Could anyone help me with this problem?
I'm trying to achieve more efficiency that's why I tried to parallel my calculations. After a few tests the results showed me that nothing is faster than calculation on 1 thread. its only 25% of processor load in both cases (1 thread and 4 threads). Could any one know why it's happening? Is there anything I can do to achieve 100% of efficiency (even 90% be better than 25%)?
Below you can see an example code:
ToolsThread = class(TThread)
public
procedure Execute(); override;
procedure QuickSortT(var dict: TArray<AnsiString>; iLo, iHi: Integer);
Procedure QSortT(var dict: TArray<AnsiString>);
constructor Create();
var
tab : TArray<AnsiString>;
tmp1: Longint;
end;
procedure ToolsThread.QuickSortT(var dict: TArray<AnsiString>; iLo, iHi: Integer);
var
Lo, Hi: Longint;
Pivot: Pointer;
T: Pointer;
begin
Lo := iLo;
Hi := iHi;
Pivot := pointer(dict[(Lo + Hi) shr 1]); // shr 1 is slightly faster than div 2;
repeat
while dict[Lo] < AnsiString(Pivot) do Inc(Lo);
while dict[Hi] > AnsiString(Pivot) do Dec(Hi);
if Lo <= Hi then
begin
T := pointer(dict[Lo]);
pointer(dict[Lo]) := pointer(dict[Hi]);
pointer(dict[Hi]) := T;
Inc(Lo) ;
Dec(Hi) ;
end;
until Lo > Hi;
if Hi > iLo then QuickSort(dict, iLo, Hi) ;
if Lo < iHi then QuickSort(dict, Lo, iHi) ;
end;
Procedure ToolsThread.QSortT(var dict: TArray<AnsiString>);
begin
QuickSort(dict, 0, Length(dict)-1);
end;
procedure ToolsThread.Execute();
var
tmp1, tmp2 : Longint;
dict: TArray<AnsiString>;
begin
SetLength(dict, 10000000);
for tmp1:= 0 to 10000000-1 do
dict[tmp1] := IntToStr(Random(high(integer)));
QSortT(dict);
end;
Procedure Main;
var
Th1, Th2, Th3, Th4: ToolsThread;
begin
Th1 := ToolsThread.Create();
Th2 := ToolsThread.Create();
Th3 := ToolsThread.Create();
Th4 := ToolsThread.Create();
debug('Start THR');
Th1.Start;
Th2.Start;
Th3.Start;
Th4.Start;
th1.WaitFor;
th2.WaitFor;
th3.WaitFor;
th4.WaitFor;
debug('THR Done');
end;
Corrected according suggestions. Still 25% CPU load (5-8% per thread)

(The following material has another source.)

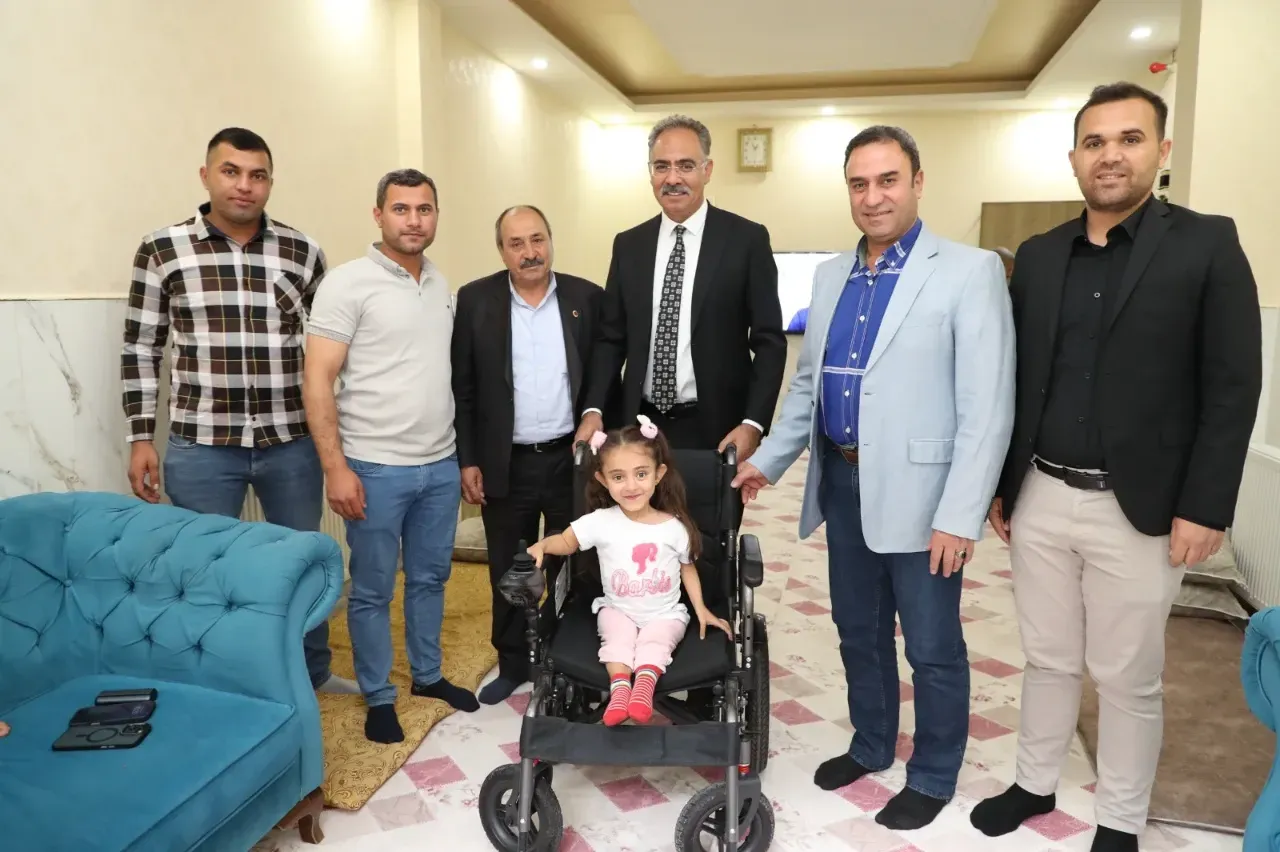 Hayali Gerçek Oldu: Başkan Kuş’tan Hülya’ya Akülü Araç Sürprizi-(VİDEO)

SOLVED! There is a general problem with some Delphi memory management in multiprocessing. It's not fastMM4 problem and it is resolvable only as workaround for now.
First of all, use string
everywhere. Don't mess with AnsiString
and string
types - unless you are with a pre-Delphi 2009... And is you use AnsiString
, then IntToStr()
will return a plain string
which will then be reallocated and converted into an AnsiString
when put in the array...
From what I can see in your code, my guess is that most of the time is spent into calling IntToStr()
, then converting the returned string
into AnsiString
, which will involve the heap manager, which will be mostly serialized in the process. Of course, it is a quick guess, with my "brain profiler" (tm) which uses to be wrong.
A QuickSort algorithm is O(n*log(n)) which is faster than O(n) calls of IntToStr()
from multiple threads.
Try putting only QSortT(dict)
in the Execute
method. It should be almost linear.
Another guess is that the following lines are not optimal. They will involve reference counting when swapping strings (assigning strings is in fact a call to an hidden _UStrAsg()
low function), which takes a lot of CPU power due to a "lock" on the reference counter. If multiple threads share some CPU cache during the "lock" (which may occur in your case, since IntToStr
allocations are done in parallel), then this "lock" would create some cache contention, which could take some noticeable time, even on newer CPUs.
The following may be faster (to be verified):
var T: pointer;
...
if Lo <= Hi then
begin
T := pointer(dict[Lo]);
pointer(dict[Lo]) := pointer(dict[Hi]);
pointer(dict[Hi]) := T;
Inc(Lo) ;
Dec(Hi) ;
end;
You may also replace pivot
with a pointer
but it is a bit more tricky:
var pivot: pointer;
...
repeat
Pivot := pointer(dict[(Lo + Hi) shr 1]); // within the 2nd repeat..until
while dict[Lo] < string(Pivot) do Inc(Lo) ;
while dict[Hi] > string(Pivot) do Dec(Hi) ;
Idea is always to use real profiling in such cases. At least, use precision timer/watch in the code you want to measure, and see where the CPU goes into.
Edit: I have written some code using my advices - see https://gist.github.com/synopse/02eb142d35cb44126aed9fd3200a76d1
output is on a 2 core CPU:
Fill done in 3.25s
Sort done in 24.11s